All India Federation of Anganwadi Workers and Helpers
- Founded: 6 January 1991
- Headquarters: BTR Bhawan, New Delhi
- Location: India;
- Members: 500,000 (2015 claim)
- Key people: A.R. Sindhu, General Secretary
- Affiliations: Centre of Indian Trade Unions
- Website: aifawh.org

= All India Federation of Anganwadi Workers and Helpers =

Trade union in India

The All India Federation of Anganwadi Workers and Helpers (abbreviated AIFAWH) is a trade union for Anganwadi workers and helpers in India. AIFAWH opposes any privatization schemes for the Integrated Child Development Services. AIFAWH is affiliated to the Centre of Indian Trade Unions (CITU).
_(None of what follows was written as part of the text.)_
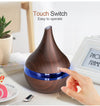 USB Ultrasonic air humidifier Electric Aroma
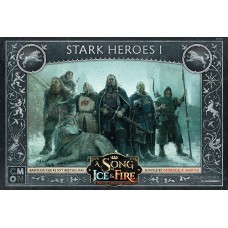 Пісня Льоду та Вогню: Набір "Герої Старків I ("STARK HEROES BOX 1)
As of 2015 A.R. Sindu was the general secretary of the union, and Neelima Maitra its president.

The union was founded at a conference in Udaipur, Rajasthan on 6 January 1991. K. Hemalata was the general secretary of the union between 1998 and 2012. As of 2015 AIFAWH claimed to have 500,000 members in 26 states.

==Affiliated unions==
- Andhra Pradesh: Andhra Pradesh Anganwadi Workers and Helpers Union is the AIFAWH affiliate in Andhra Pradesh. As of 2014 P. Roja was the general secretary of the union.
- Assam: Assam Rajyik Anganwadi Karmi and Sahayika Santha is the AIFAWH affiliate in Assam. As of 2009 Indira Newar was the secretary of the union.
- Punjab: Anganwadi Mulazam Union Punjab is the AIFAWH affiliate in Punjab. As of 2009 Usha Rani was the president of the union.